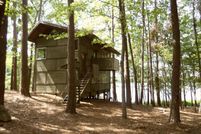 Timberland Property in Cass County, Texas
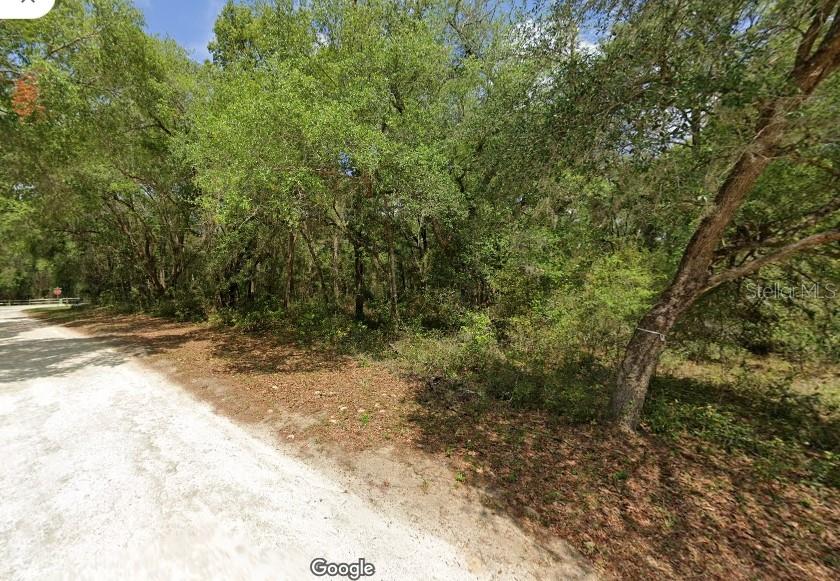 TBD ST GEORGE DR, DUNNELLON, FL, 34432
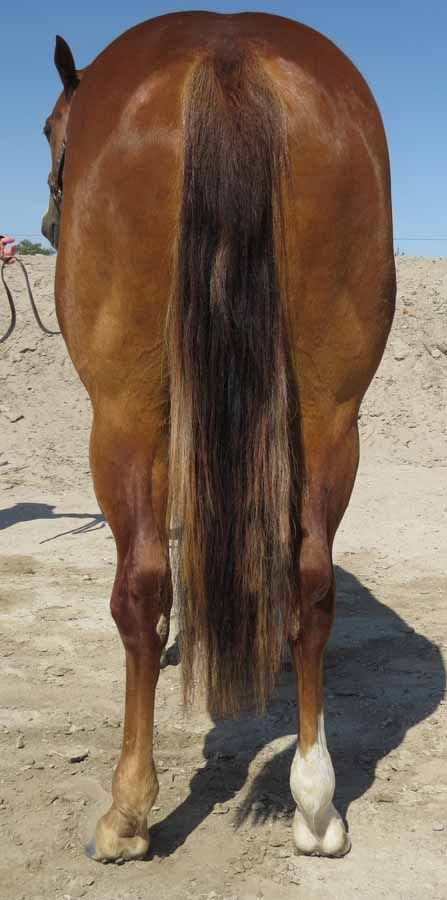 Rear view of a brown horse with a dark tail standing on sand, one hind leg white.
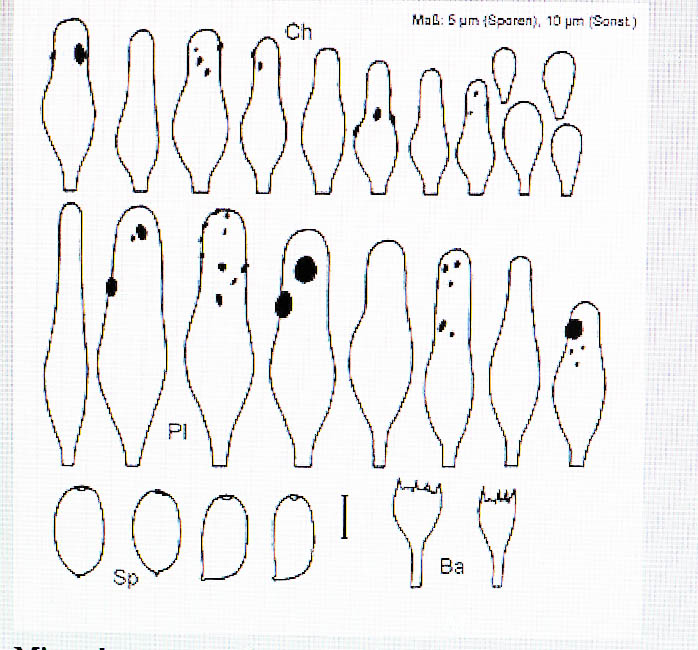 conische_franjehoed sporen, cheilo- en pleurocystiden conische_franjehoed sporen, cheilo- en pleurocystiden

Task brief » Could you give again precisely the lines from the one containing "Rear view of" through the final line of the material above, both included, and no others, dropping the pictures?

Problem solution »
 Rear view of a brown horse with a dark tail standing on sand, one hind leg white.
 conische_franjehoed sporen, cheilo- en pleurocystiden conische_franjehoed sporen, cheilo- en pleurocystiden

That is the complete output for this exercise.